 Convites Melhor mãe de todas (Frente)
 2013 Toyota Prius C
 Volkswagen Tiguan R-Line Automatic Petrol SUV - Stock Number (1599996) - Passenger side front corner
---
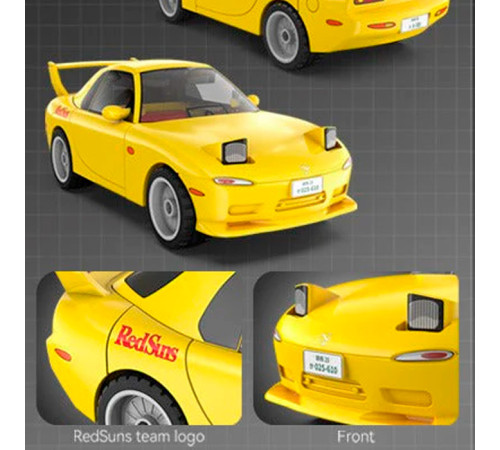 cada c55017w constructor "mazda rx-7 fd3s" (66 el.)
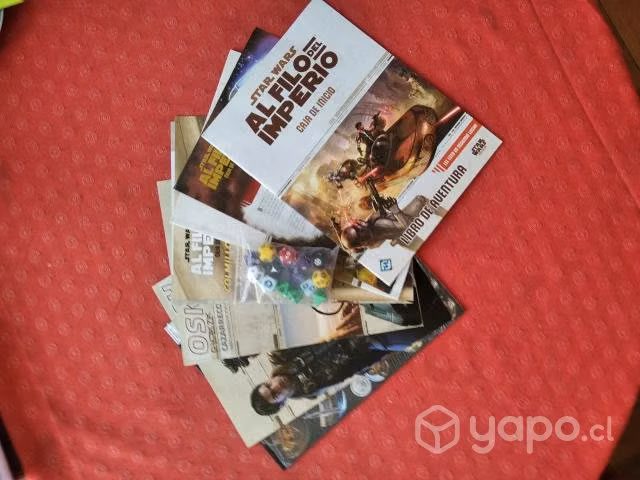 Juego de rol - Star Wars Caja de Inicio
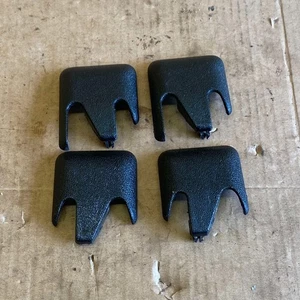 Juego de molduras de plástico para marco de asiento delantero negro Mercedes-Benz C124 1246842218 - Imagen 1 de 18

[ASSIGNED TASK] Retype exactly the lines above, from the one with "Convites Melhor mãe de todas (Frente)" through the one with "Volkswagen Tiguan R-Line", inclusive.

[SOLUTION]
 Convites Melhor mãe de todas (Frente)
 2013 Toyota Prius C
 Volkswagen Tiguan R-Line Automatic Petrol SUV - Stock Number (1599996) - Passenger side front corner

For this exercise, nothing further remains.